Technical advance in targeted NGS analysis enables identification of lung cancer risk-associated low frequency TP53, PIK3CA, and BRAF mutations in airway epithelial cells
Background Standardized Nucleic Acid Quantification for SEQuencing (SNAQ-SEQ) is a novel method that utilizes synthetic DNA internal standards spiked into each sample prior to next generation sequencing (NGS) library preparation. This method was applied to analysis of normal appearing airway epithelial cells (AEC) obtained by bronchoscopy in an effort to define a somatic mutation field effect associated with lung cancer risk. There is a need for biomarkers that reliably detect those at highest lung cancer risk, thereby enabling more effective screening by annual low dose CT. The purpose of this study was to test the hypothesis that lung cancer risk is characterized by increased prevalence of low variant allele frequency (VAF) somatic mutations in lung cancer driver genes in AEC. Methods Synthetic DNA internal standards (IS) were prepared for 11 lung cancer driver genes and mixed with each AEC genomic (g) DNA specimen prior to competitive multiplex PCR amplicon NGS library preparation. A custom Perl script was developed to separate IS reads and respective specimen gDNA reads from each target into separate files for parallel variant frequency analysis. This approach identified nucleotide-specific sequencing error and enabled reliable detection of specimen mutations with VAF as low as 5 × 10 − 4 (0.05%). This method was applied in a retrospective case-control study of AEC specimens collected by bronchoscopic brush biopsy from the normal airways of 19 subjects, including eleven lung cancer cases and eight non-cancer controls, and the association of lung cancer risk with AEC driver gene mutations was tested. Results TP53 mutations with 0.05–1.0% VAF were more prevalent ( p  < 0.05) and also enriched for tobacco smoke and age-associated mutation signatures in normal AEC from lung cancer cases compared to non-cancer controls matched for smoking and age.
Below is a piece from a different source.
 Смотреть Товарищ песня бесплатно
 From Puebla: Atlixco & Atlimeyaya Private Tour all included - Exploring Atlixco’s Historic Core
Further, PIK3CA and BRAF mutations in this VAF range were identified in AEC from cases but not controls. Conclusions Application of SNAQ-SEQ to measure mutations in the 0.05–1.0% VAF range enabled identification of an AEC somatic mutation field of injury associated with lung cancer risk. A biomarker comprising TP53, PIK3CA, and BRAF somatic mutations may better stratify individuals for optimal lung cancer screening and prevention outcomes.